> _Required work_:
Skip the pictures. Copy all the rest of the records down exactly.
(Supplied entries Opens)
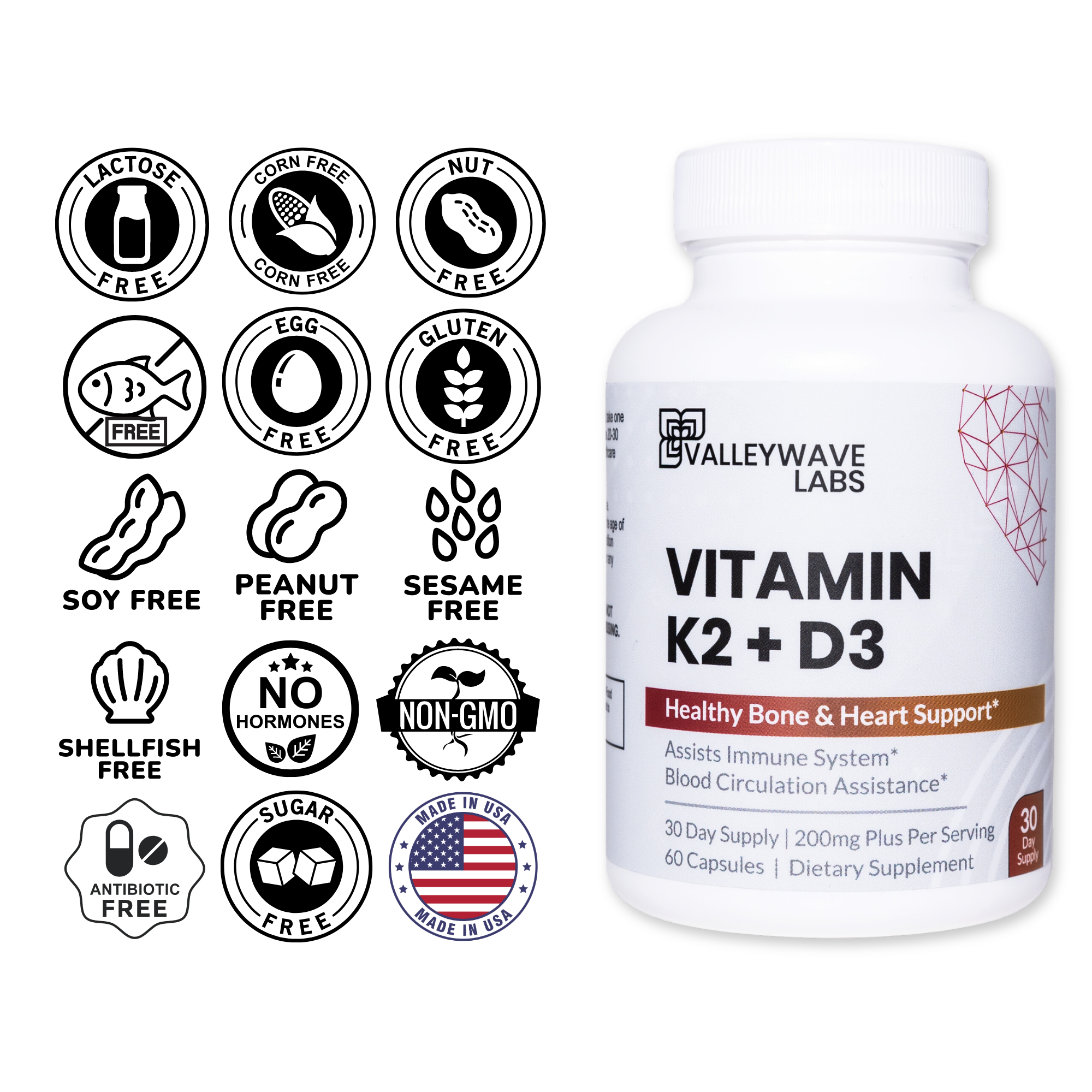 Vitamin K2 + D3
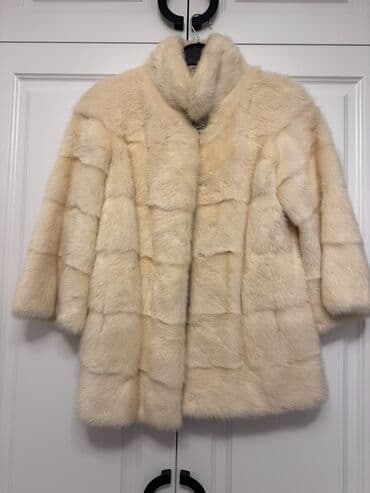 Sviterlər: Kürk, S, M, rəng - Bej — 3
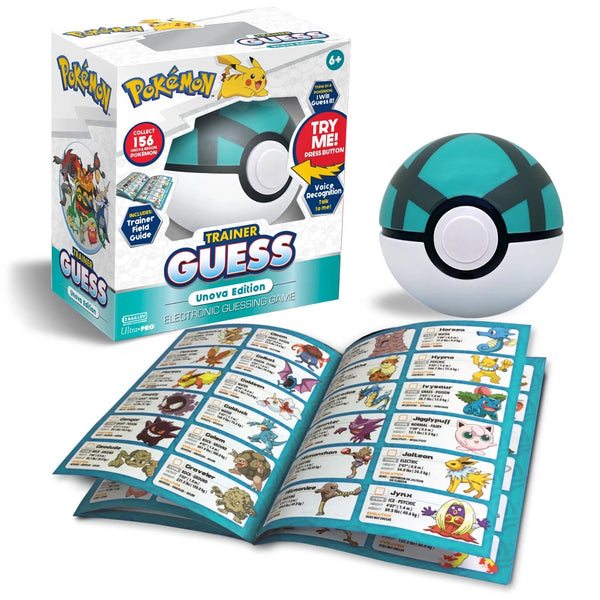 Zanzoon Pokémon Trainer Guess Unova Edition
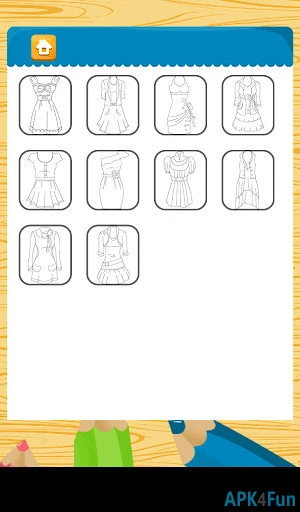 Fashion Designing Dresses Screenshot Image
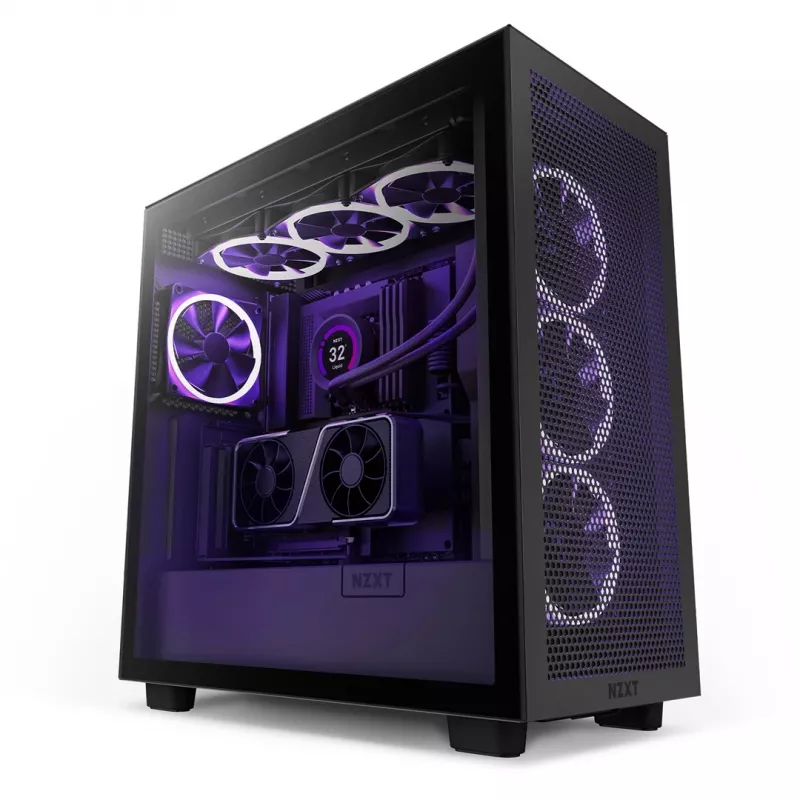 Grafikos plokštės laikiklis NZXT AB-RH175-B1 Universalus korpusas Juoda 144,7x150,4x186,8 mm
(Supplied entries Closes)
> _Solution to the exercise_:
 Vitamin K2 + D3
 Sviterlər: Kürk, S, M, rəng - Bej — 3
 Zanzoon Pokémon Trainer Guess Unova Edition
 Fashion Designing Dresses Screenshot Image
 Grafikos plokštės laikiklis NZXT AB-RH175-B1 Universalus korpusas Juoda 144,7x150,4x186,8 mm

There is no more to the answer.